Ollie’s is well extended from any proper buy point. The stock cleared a 77.60 correct entry in a 10-week flat base on Aug. 20 and has run up nearly 15%.

The deep-discount outlet, specializing in high-quality closeout merchandise, reports fiscal second-quarter results after the close. Analysts see earnings popping up 33% to 36 cents a share on a 12% increase in sales to $284.7 million. The highest sales forecast among the 11 analysts surveyed by Thomson Reuters is $291.1 million, up 14%.

Ollie’s grew earnings in the past four quarters by 29%, 29%, 31% and 64% vs. year-ago levels.

Other Growth Stocks Showing Strength

Other leading stocks faring well Wednesday include railroad Union Pacific, health savings account expert HealthEquity, and home security software and systems provider Alarm.com. All three stocks rose more than 1% in fast turnover.

HealthEquity reported strong Q2 results as earnings jumped 62% to 34 cents a share, in a 25% rise in revenue to $71.1 million — the biggest total sales for any quarter.

In IBD Leaderboard, Etsy (ETSY) sank more than 5% but bounced off its session low of 46.43. Clearly, the online marketplace for artists and artisans has been feeling selling heat near 50. But the stock remains in a fierce uptrend and has moved up nicely since testing the 50-day moving average near 39 in late July.

Autodesk (ADSK), a relatively new Leaderboard stock, slumped nearly 2% to 150.63 in flat trading. The industrial design software firm for manufacturing companies staged a strong breakaway gap on Aug. 24 following a robust quarterly report. Shares remain slightly more than 5% past a 143.04 conventional buy point in an eight-week flat base.

It’s smart to stick with purchases of stocks while they remain in the 5% buy zone.

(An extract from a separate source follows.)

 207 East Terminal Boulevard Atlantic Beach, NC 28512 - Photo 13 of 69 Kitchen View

However, Autodesk presented an alternate entry point with the breakaway gap. Given the sharpness of the move and the ongoing turnaround in results, one could have bought shares at the Aug. 24 open of 152.39.

Growth Stocks Hit Hard

High-end indoor and outdoor furnishings chain RH (RH) dropped sharply for a second straight session. The stock fell 12% to 133.06 and slid sharply below the key 50-day moving average for the first time since it cleared a long and deep double-bottom base with a 105.56 buy point on June 5. Volume is running more than six times usual levels. The big drop in heavy volume is sparking a key defensive sell rule.

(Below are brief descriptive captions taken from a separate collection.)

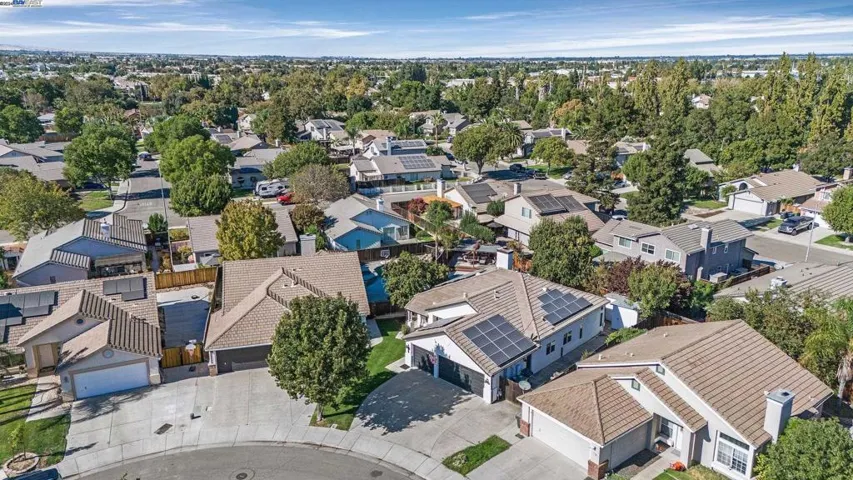 1835 Lone Fox Ct, Tracy, California 95376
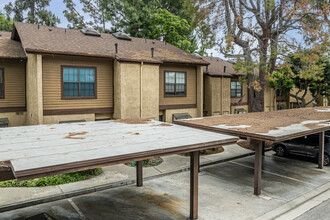 Lakeridge Condominiums in Whittier, CA - Building Photo - Building Photo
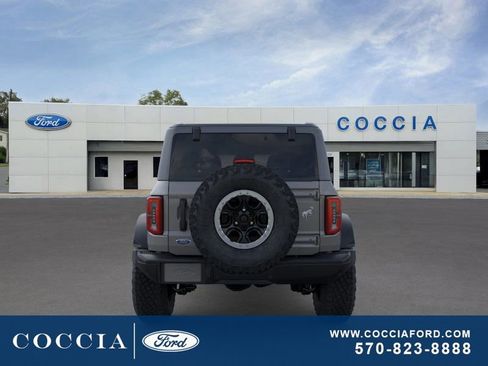 New 2025 Ford Bronco Badlands w/ Sasquatch Package image 5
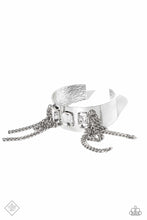Load image into Gallery viewer, Paparazzi Jewelry Bracelet CHAIN Showers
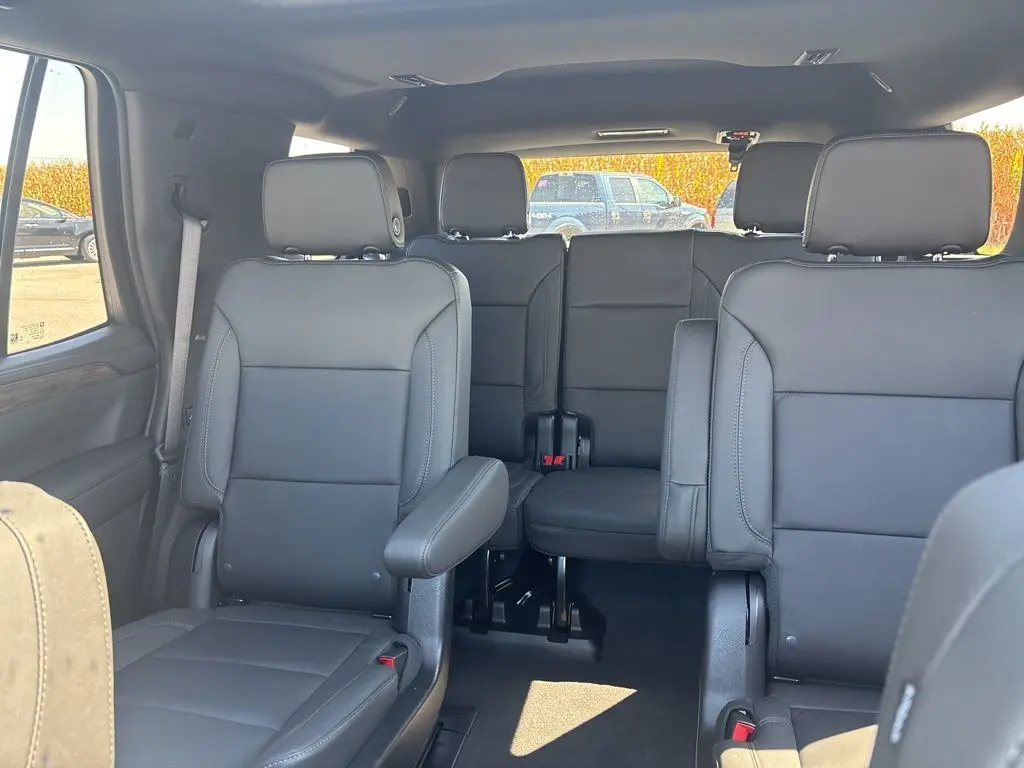 2024 Chevrolet Tahoe Z71 photo 33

Late on Tuesday, RH reported excellent earnings for the July-ended fiscal second quarter, up 283% to $2.49 a share. Sales rose 4% to $640.8 million as net margin more than tripled to 10.5%.

RH had formed an 11-week cup base that showed a mild correction of 22% from head to toe. The proper buy point was 164.59, but the stock hadn’t yet surpassed that proper entry. On a daily chart, RH appeared to have formed a thin six-day handle that provided a 161.49 entry. However, buying a stock right before quarterly results carries higher risk.

Tuesday’s reversal was negative as the stock briefly eclipsed the narrow handle buy point, but then quickly turned tail. RH finished the day down 4.9% and volume zoomed more than five times its 50-day average. On Wednesday, the stock fell more than 8% below the aggressive buy point of 161.49, triggering the golden rule of investing.

The Innovator IBD 50 (FFTY) ETF fell 2.7%, giving back nearly two weeks’ worth of gains. At 37.32, the exchange-traded fund remains up 12.3% year to date after rallying 34% in 2017.